Suspects in 36-yr old WeHo murder brought to trial
Two suspects in a 36-yr murder West Hollywood murder that became an international cause célèbre will face trial in a Los Angeles County courthouse, decreed a judge last month.
On April 15, 1974, John Threlkeld and Leonard Turner and one other unidentified man all wearing masks allegedly went to the home of Australian socialite Patricia Galea while she, her friends and roommate were away to rob her.
According to the Los Angeles County District Attorney’s office, the defendants allegedly knew her business partner, one Mercury Washington, and knew she had a substantial sum of money - $6,000 (roughly equivalent to $45,000 today) - in the house.
They allegedly fatally shot her dead with a shotgun and seriously injured the other five victims, including Washington.
A surviving victim identified the pair when a mask slipped during commission of the crime.
News accounts from the time say that Ms. Galea, left her 10-month old baby, Emily, with her husband while she traveled to West Hollywood top set up a business with $6400.
According to The Age, a Melbourne, Australia, newspaper dated April 18 that year, Ms. Galea was "daughter-in-law of Sydney race horse owner Perce Galea, married to his son Bruce." Bruce Galea became, in the years since his bride’s death, a bookmaker and casino owner of some repute.
Arriving here, she leased an apartment at 1134 N. Alta Loma Drive, sharing it with a 22-year-old rock musician, Eugene Synegal.
The Sydney Daily Herald reports that on April 14, Ms. Galea and four acquaintances, including Mr. Washington and her roommate, Mr. Synegal, left the house for a flight to New Orleans, leaving the dog and apartment with Kristine Murphy, 24.
At 1:30 am the next morning, three men rang the apartment from the entrance announcing themselves as Ms. Murphy’s ex-boyfriend.
Allowing them in, she came face to face with a pistol.
They bound her and ransacked the apartment, looking for the money.
Ms. Galea and her crew missed their flight and returned home, buzzing for entrance. The robbers forced Ms. Murphy to let them in and attacked them, allegedly trying to cut Ms. Galea’s throat.
Accounts say she screamed, ’’Please don’t kill me!’’ when of the robbers pushed a .410 shotgun into her mouth and pulled the trigger.
Immediately, another robber stabbed Ms. Murphy in the neck. Camela Bussey, 30, jumped from a window to the ground, breaking her leg.
The robbers cut Mr. Synegal’s throat; Mercury Washington, 27, was "wounded" in the throat and Dinel Smith, 25, struck in the head with a rifle butt. All survived except Ms. Galea.
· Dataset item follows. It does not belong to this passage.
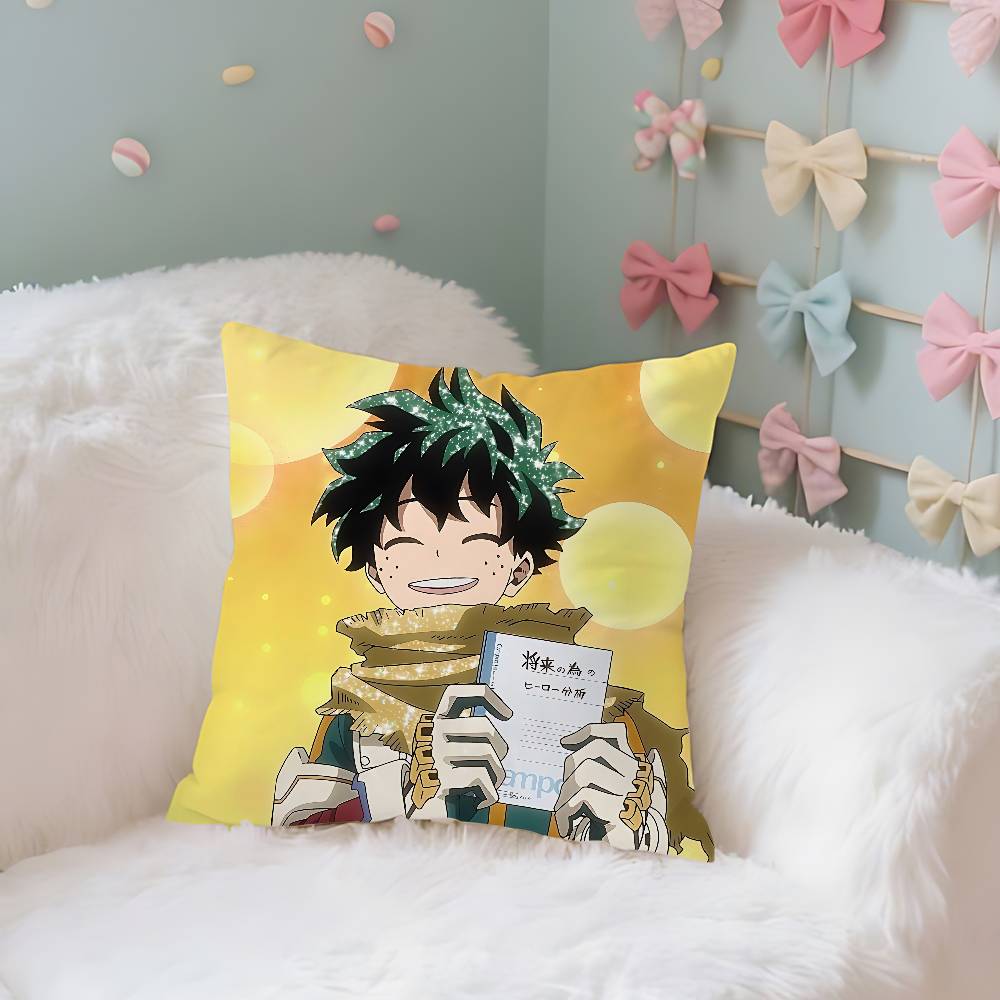 Anime Cute L-Izuku Midoriya Pillow Case Cushion Cover Soft Cute Throw Pillow Case For Car Sofa Pillowcase Polyester With Zipper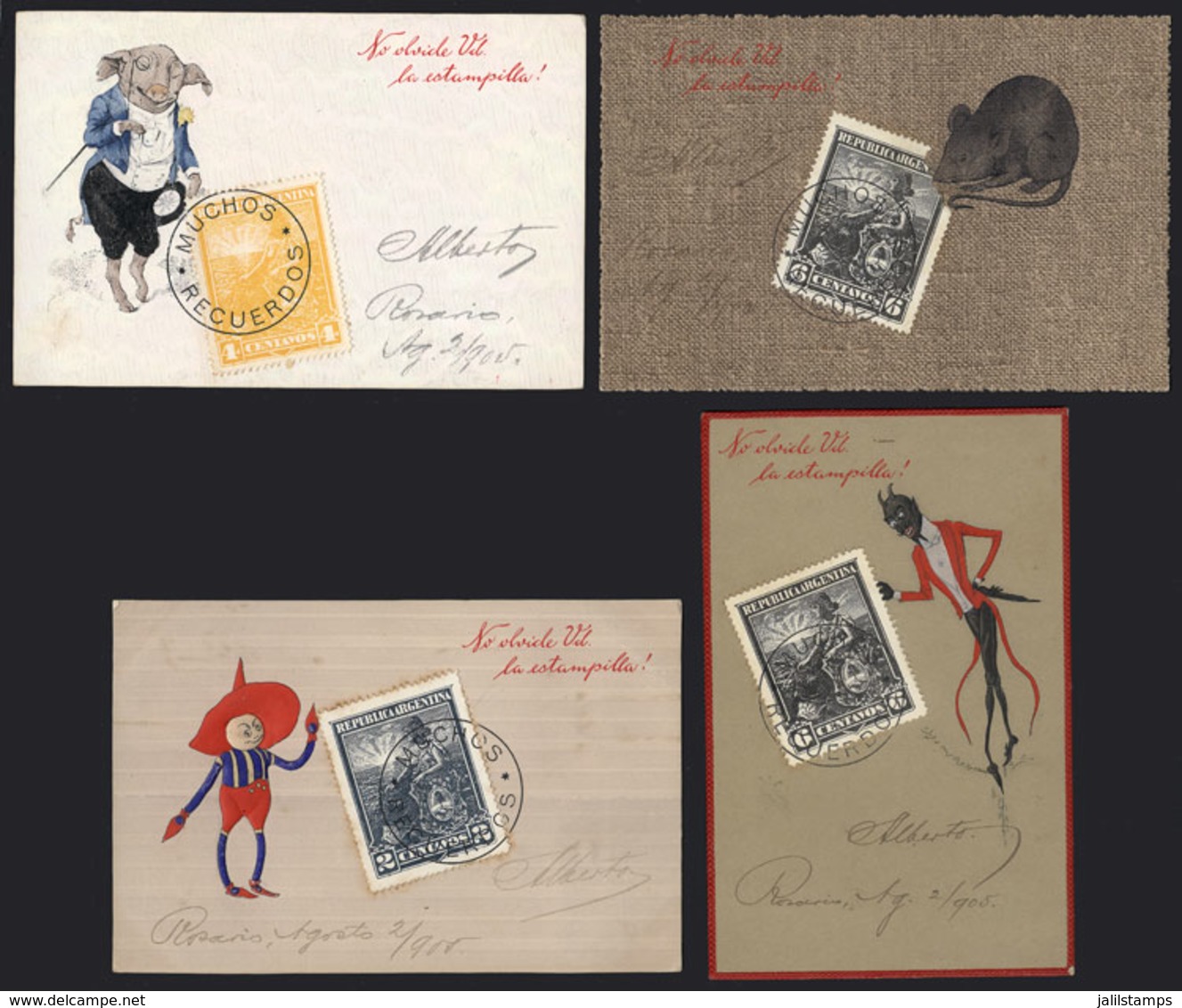 ARGENTINA: 4 Beautiful And Very Rare PCs Edited By G.B.Pedrocchi, All With Reproductions Of Stamps From The Issue Seated - Argentina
The robbers allegedly escaped with $400, a couple of diamond rings, a cigarette lighter valued at $1400 and two mink coats. They never found Ms. Galea’s $6400, hidden in the freezer.
Police discovered that three of the surviving victims knew John Threlkeld, including Mr. Washington, who said Mr. Threlkeld had been his friend, and who also knew Turner.
The pair allegedly used Ms. Murphy’s Ford Pinto to make their escape, abandoning it in Mexico.
A couple days later the district attorney signed a complaint against the three alleging murder, robbery and assault with a deadly weapon. and later that day a judge signed warrants for the arrest of all three man.
Authorities, learning from surviving witnesses that they had family connections to Detroit, tracked them down.
Messrs Thelkeld and Turner had been arrested on other charges there and now awaited justice in Los Angeles, as authorities in Detroit told the LA DA thet he could have them after they were tried in Detroit.
That, apparently, is where things went awry, causing justice delayed for 36 years. Detroit never contacted Los Angeles and Los Angeles never followed up on the pair.
Spoke people for LA Sheriff’s Department say the paperwork simply went missing.
The crime ended up in the cold case files, only to be resurrected on a chance inquiry from a new building owner.
The new owner of 1134 N Alta Loma Road made inquiries into its history and came across news accounts of the slaying.
Detectives, unable to locate the files, referred the matter to a retired detective working with the cold case unit, Robert Barrier.
He discovered that the district attorney’s file, too, had disappeared.
Mr. Barrier conducted a check of names, addresses and social security numbers and was quickly able to identify and locate the pair.
John Threlkeld, now 57, and Leonard Turner, 64, had loyal denizens of the country’s penal system since that day in 1974; apparently both had been arrested, again, in August 2007.
One was still in prison, while the other was out on parole, making picking them up for trial for murder fairly easy.
Since the events of April 1974, however, and their release onto the streets in after their Detroit trial that year, they had been convicted of armed robbery, bank robbery and manslaughter.
The pair’s next court date is for trial setting and to hear defense motions on March 26 at the Airport Courthouse.